Saved entries:
+ + + + +

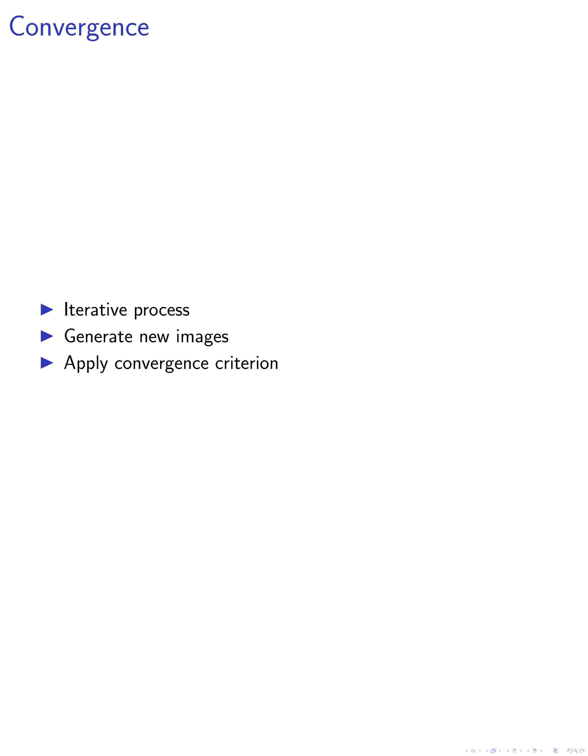The final step is convergence. We repeat the above process iteratively, using the extracted representation to generate a new set of images for the next iteration. A convergence criterion is applied to determine when to stop iterating.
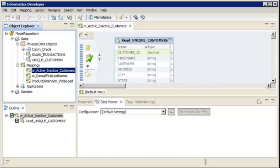In Informatica Developer, create a lookup transformation when you want to look up data in a lookup source, such as a flat file or relational table.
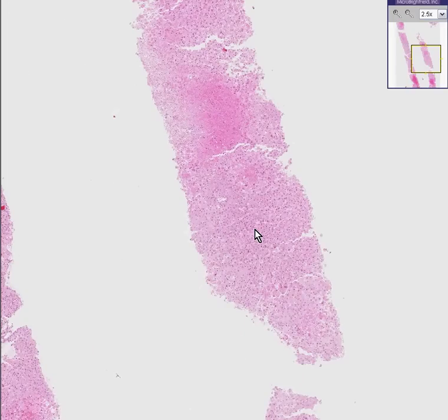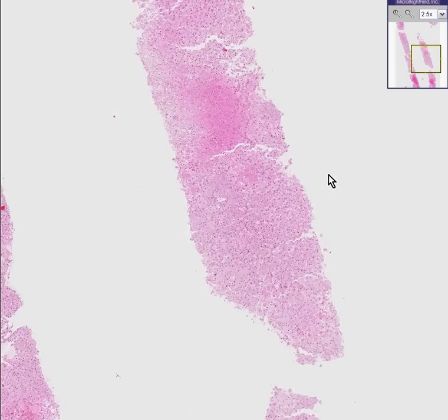You can also notice at this stage even that there really isn't any fibrosis whatsoever. So without fibrosis, you're not going to diagnose cirrhosis.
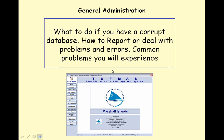This lesson will explain what to do if you have a corrupt database, how to report or deal with problems and errors, and describe common problems you will experience.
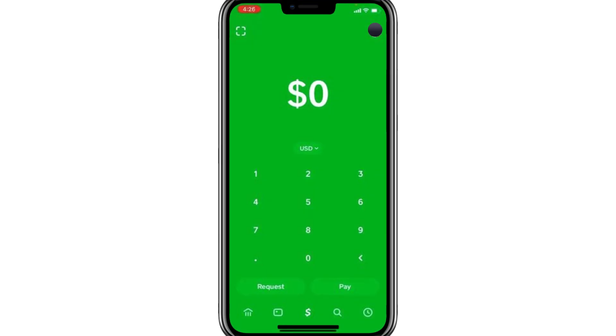Hello everyone. In this video, I'm going to show you how to find a Bitcoin transaction ID on Cash App. So let's get started.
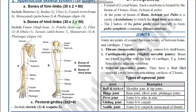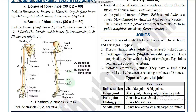Each hind limb also consists of 30 bones. The femur is in the thigh — the largest bone in the body. The patella is the knee bone. The tibia and fibula are the two bones in the shank. The tarsals are the seven ankle bones. The metatarsals are five foot bones. The phalanges of the toes number 14. Total: 1+1+1+1+7+5+14 = 30 bones.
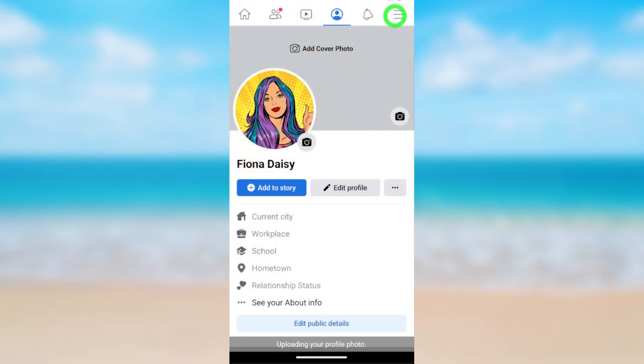Tap Save in the top right corner. Your new profile picture will be updated. That's how to change your profile picture on Facebook.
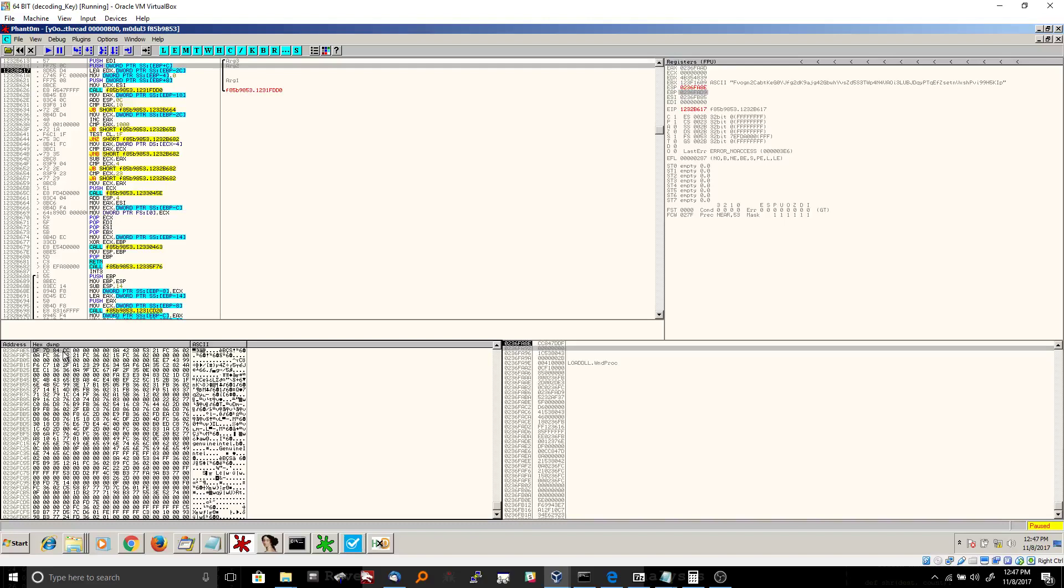So each one of these is a byte, right? CC is a byte, 84 is a byte, 70 is a byte, and DF is a byte. So that's why it's four bytes. But when we're actually interpreting it, we're going to read it as exactly that. We're going to read it as CC8470DF instead of DF7084CC, even though that's how it appears in the actual memory, in the HexDump.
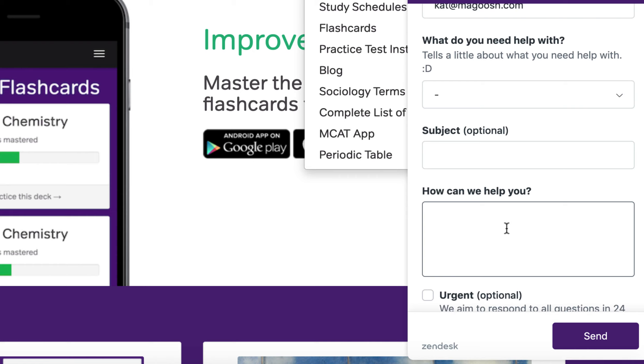Good luck with studying and let us know if we can help you in any way.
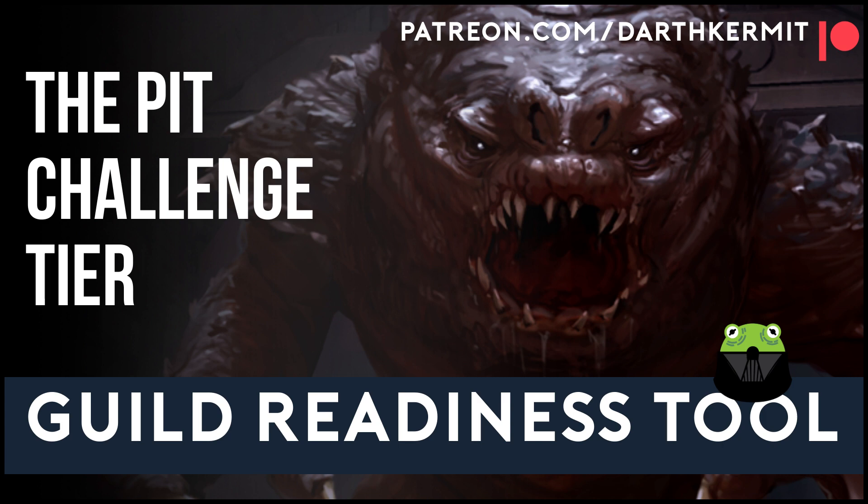Till next time! I find your lack of Rainbow Connection disturbing.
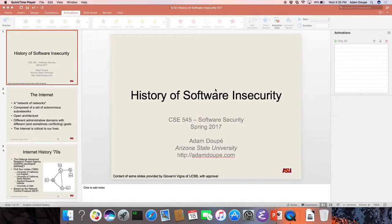It's finally 4:35, so we can officially start class. Good afternoon, everyone. Welcome to CLC 545. I see a lot of familiar faces in the audience — that is cool — and I see some new faces, and that's also really good.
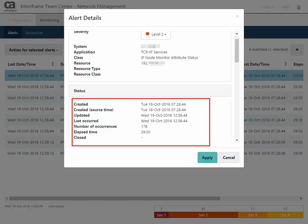Then, it shows you some status information, such as when the alert was created, updated, last occurred, the number of occurrences, elapsed time, and if the alert was closed. A hyphen indicates that the alert has not yet been closed.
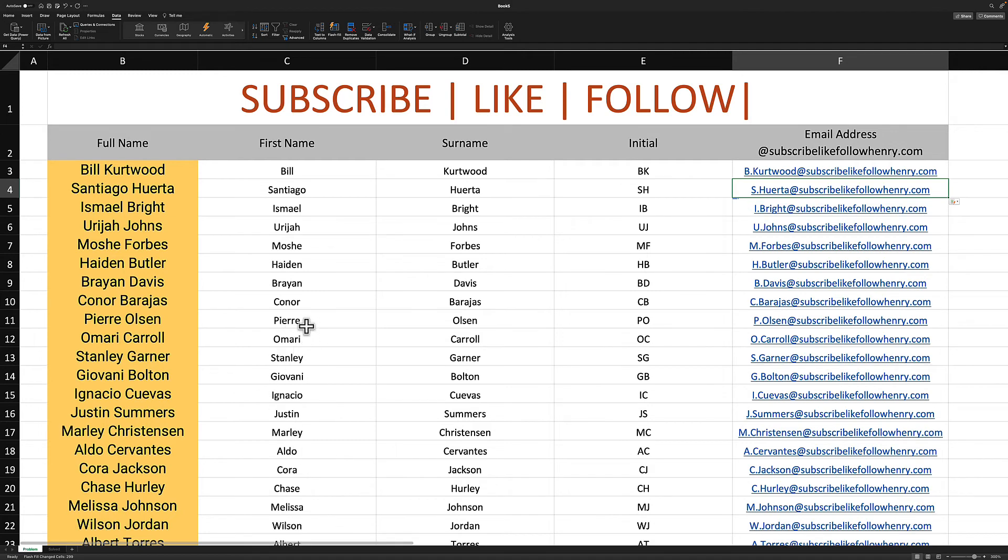So we have pia.olson.p.olson at subscribe, like, follow, henry.com as the email address.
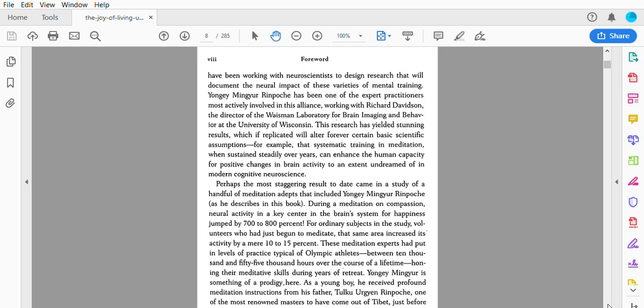As a result, experts in Buddhist mind science have been working with neuroscientists to design research that will document the neural impact of these varieties of mental training. Yongey Mingyur Rinpoche has been one of the expert practitioners most actively involved in this alliance, working with Richard Davidson, the director of the Waisman Laboratory for Brain Imaging and Behavior at the University of Wisconsin. This research has yielded stunning results which, if replicated, will alter forever certain basic scientific assumptions.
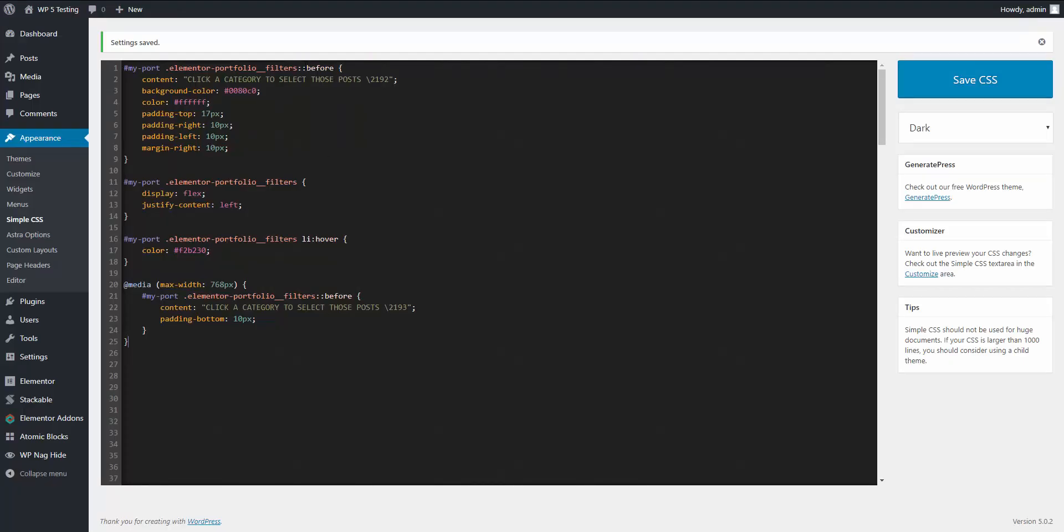So we're using the pseudo element before. Here is the content, the text that we want. And this is the Unicode icon for the little arrow that you see. The background color is the blue. The color of the text is white. I gave it some padding on the top to center it, right and left, and some margin to the right. Now you can adjust these all depending on what you'll have in here for your text. So that's all adjustable.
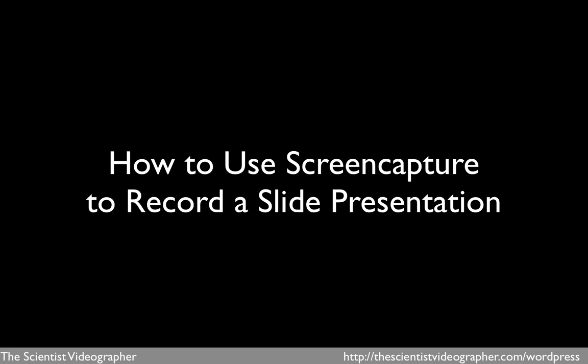In this tutorial, I'm going to show you how to create a video of a slide presentation in which your voice is recorded along with a full screen image of your slides.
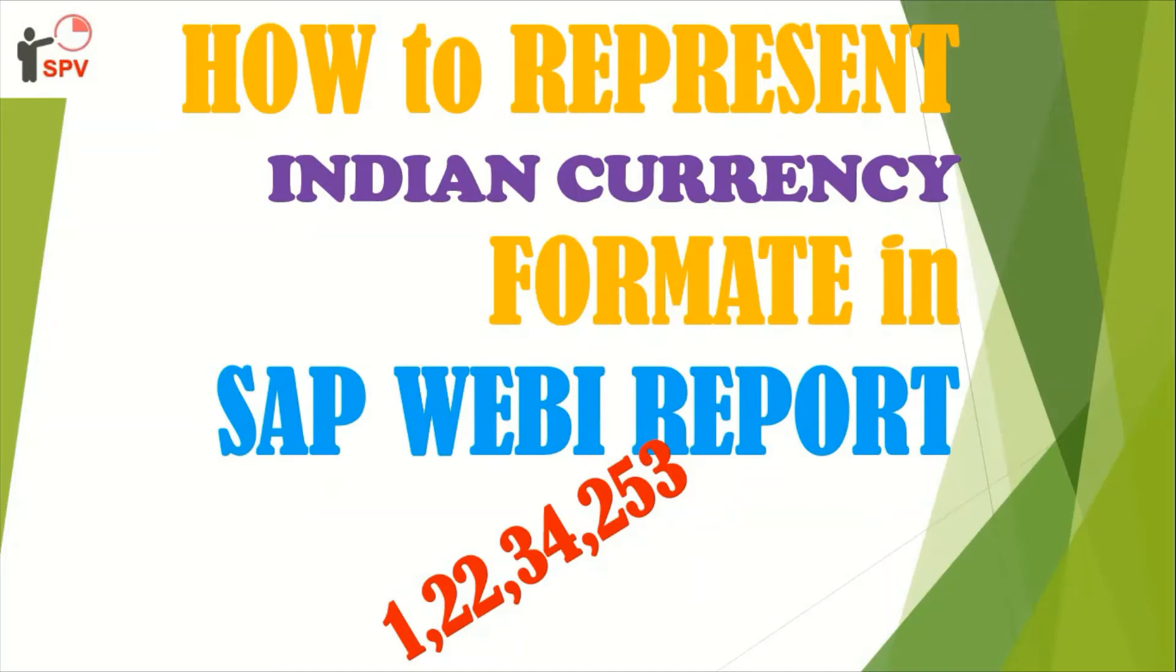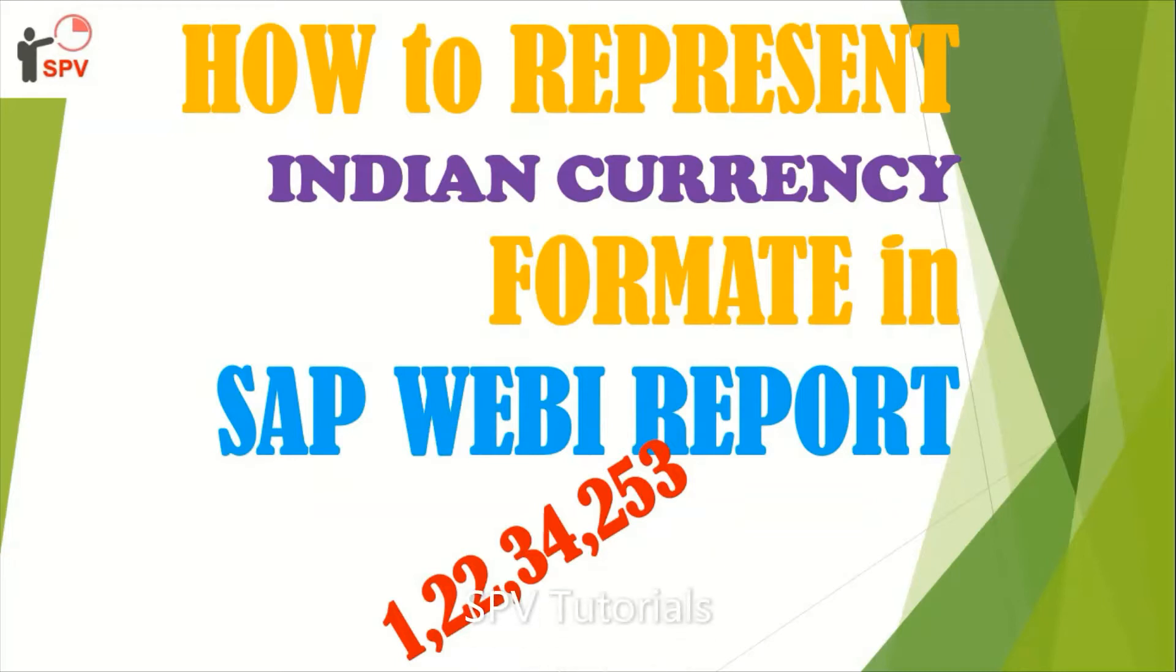This video shows how to represent Indian currency format in WEBI report. Most clients are US-based, so the format has been with the US style. But for Indian clients, they are trying to do the formatting, but we are not getting the proper solution. Here I will show you how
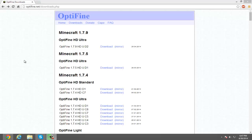Hey guys, DuckTaculousGaming here, and today I will be teaching you guys how to install and download Minecraft OptiFine for version 1.7.9. But if you are watching this video in the future, it will also work for whatever version you currently have.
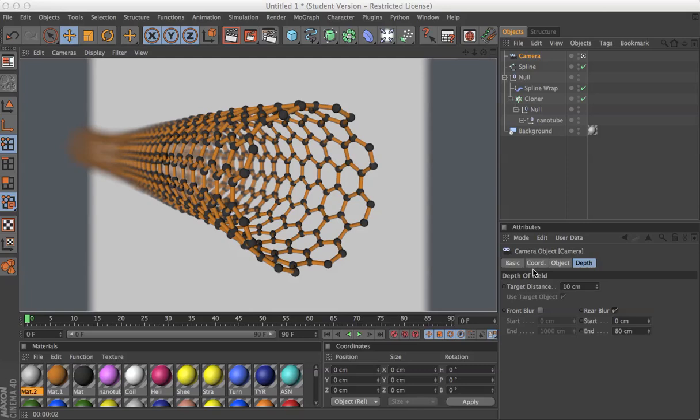Someone on YouTube asked how you could use EPMV to build a carbon nanotube, for example, or other structures like it.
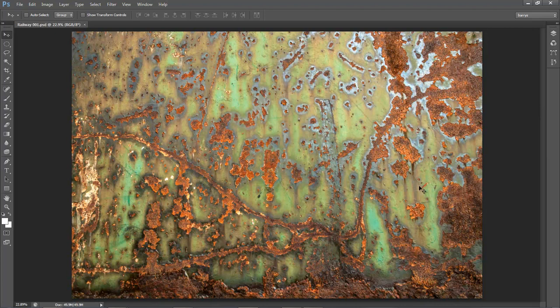To make sure I don't get carried away and forget, I've just saved this as a Photoshop file calling this Railway 001. Now we need to go back to Adobe Bridge and search for the next image I'm going to use.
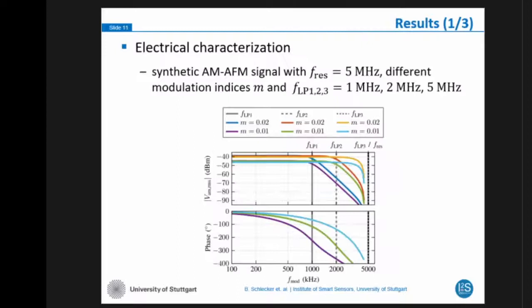Here are some electrical measurements for the characterization. We generated a synthetic AM signal with a carrier frequency of 5 MHz and different modulation indices. The interesting measurement here shows the two lines: we are able to demodulate close to the carrier frequency of 5 MHz, up to approximately 3 MHz. The transfer function is more flat, indicating a single sideband demodulation.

+ + + + +

THE TASK: Above are the records; copy from them only the lines starting at the one containing "So we're using" and ending at the one containing "To make sure", exactly and without pictures.

SOLUTION TO THE PROBLEM:
So we're using the pseudo element before. Here is the content, the text that we want. And this is the Unicode icon for the little arrow that you see. The background color is the blue. The color of the text is white. I gave it some padding on the top to center it, right and left, and some margin to the right. Now you can adjust these all depending on what you'll have in here for your text. So that's all adjustable.
In this tutorial, I'm going to show you how to create a video of a slide presentation in which your voice is recorded along with a full screen image of your slides.
This video shows how to represent Indian currency format in WEBI report. Most clients are US-based, so the format has been with the US style. But for Indian clients, they are trying to do the formatting, but we are not getting the proper solution. Here I will show you how
Hey guys, DuckTaculousGaming here, and today I will be teaching you guys how to install and download Minecraft OptiFine for version 1.7.9. But if you are watching this video in the future, it will also work for whatever version you currently have.
Someone on YouTube asked how you could use EPMV to build a carbon nanotube, for example, or other structures like it.
To make sure I don't get carried away and forget, I've just saved this as a Photoshop file calling this Railway 001. Now we need to go back to Adobe Bridge and search for the next image I'm going to use.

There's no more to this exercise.